I am applying for partner visa... Should I be checking name check only or name and fingerprint check?? :


----------



## Whitney (Jan 4, 2013)

Name check only. It can be done online.


----------



## Ausfil (Sep 18, 2012)

srik said:


> I am applying for partner visa... Should I be checking name check only or name and fingerprint check?? :


If you are required to provide an Australian police check (also known as an Australian penal clearance certificate), you must complete the National Police Check application form that is available from the Australian Federal Police (AFP) website AFP Homepage - Australian Federal Police http://www.afp.gov.au/

You should use Code 33 at Question 1 on the form and include details of any, and all, names you have been known by. If an AFP certificate is provided based on incorrect information, the department may request another certificate. Fingerprints are not required for National Police Checks.
Police checks are valid only for 12 months from the date of issue.

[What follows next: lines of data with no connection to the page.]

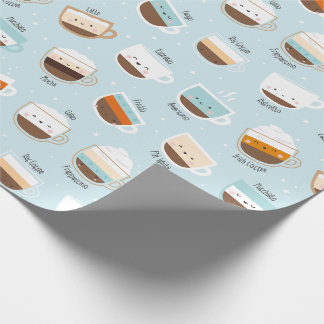 Cute kopp av kaffe på ljusblå innerskiva pappert presentpapper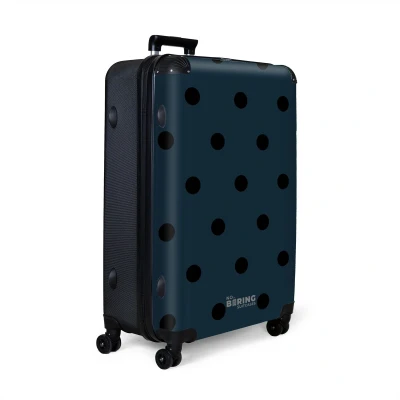 Afbeelding van NoBoringSuitcases.com® Koffer groot Reiskoffer lichtgewicht Blauwe achtergrond met zwarte stippen Rolkoffer 4 wielen Grote trolley XL 98 liter bagage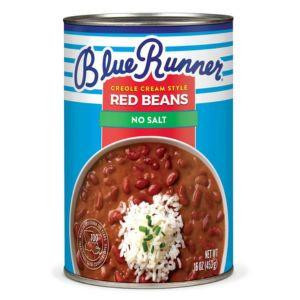 Blue Runner No Salt Creole Cream Style Red Beans, can of red beans in creole style with no salt, 16oz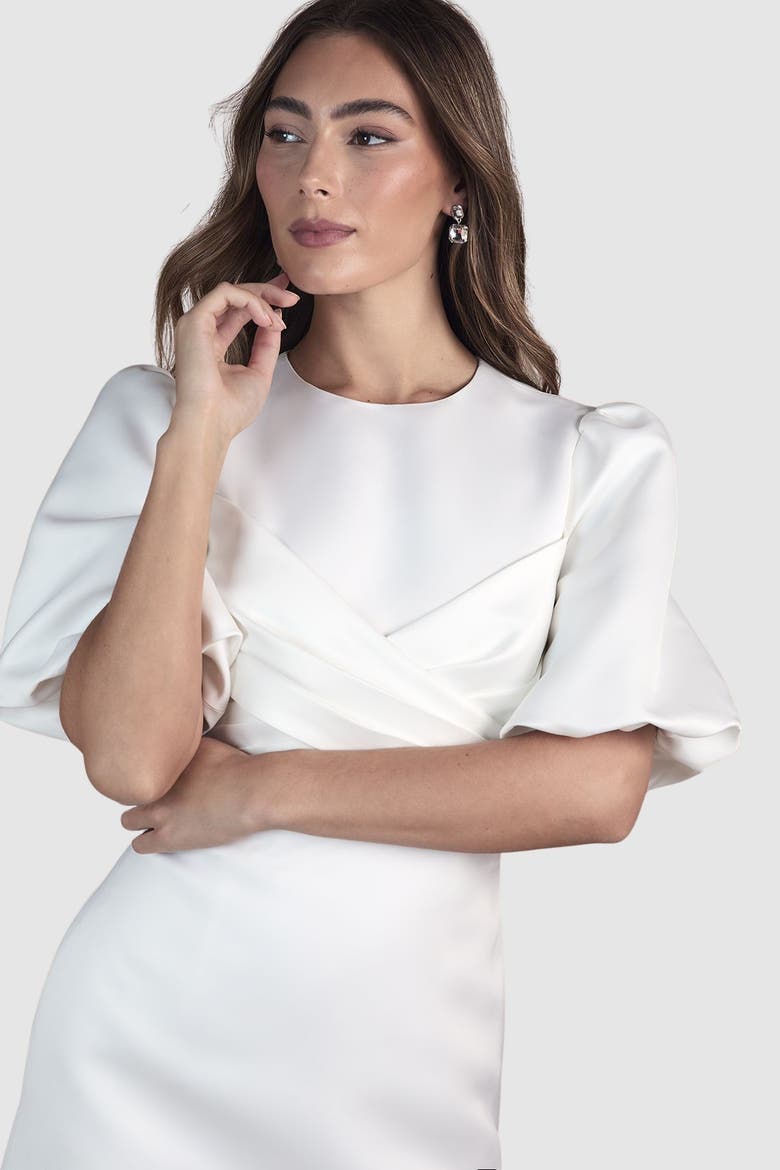 Wrap Front Short Sleeve Mini Dress, Alternate, color, Ivory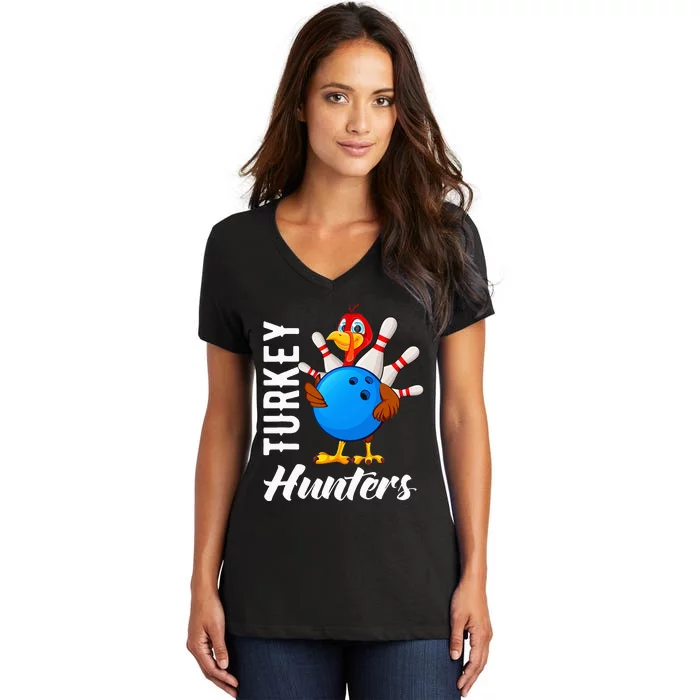 Turkey Hunters Funny Bowling Turkey Hunters Women's V-Neck T-Shirt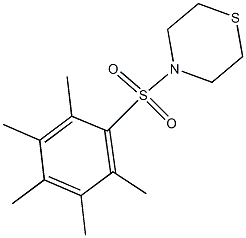 4-[(2,3,4,5,6-pentamethylphenyl)sulfonyl]thiomorpholine Structure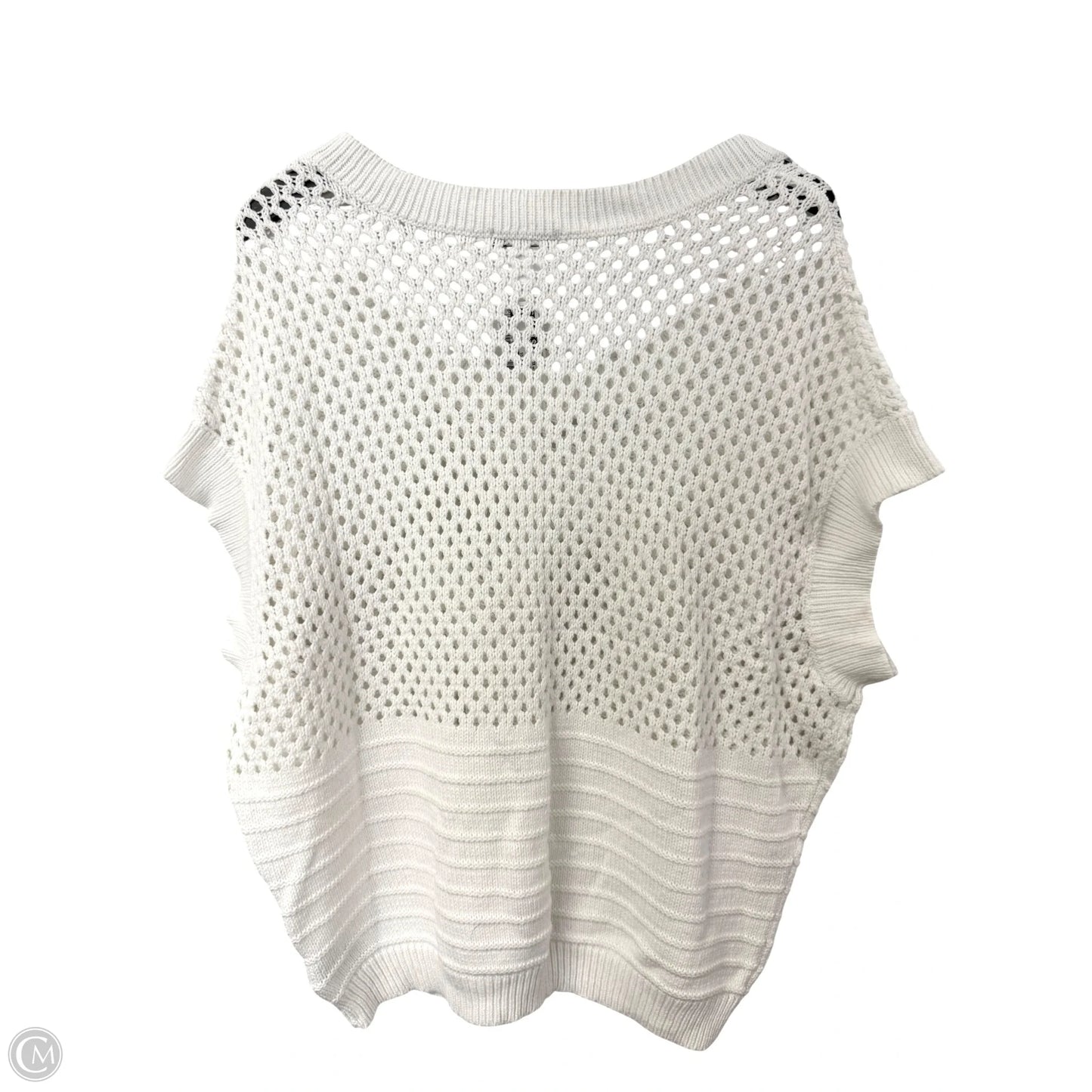 Sweater Short Sleeve By Venus In White, Size: Xl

More information on police checks, including overseas police checks, is available from the department's website Character Requirement - Applications & Forms http://www.immi.gov.au/allforms/character-requirements/

Prospective Marriage (Temporary)(Class TO Subclass 300) visa.
Applied: 15 June 2011
Granted: 25 August 2011
Married: 10 March 2012
Partner (Temporary)(Class UK Subclass 820) visa.
Applied: 23 May 2012
CO assigned: 05 July 2012
AFP clearance: 17 August 2012 (applied for this 06 July but it took a long time to get it)
Granted: 20 August 2012


----------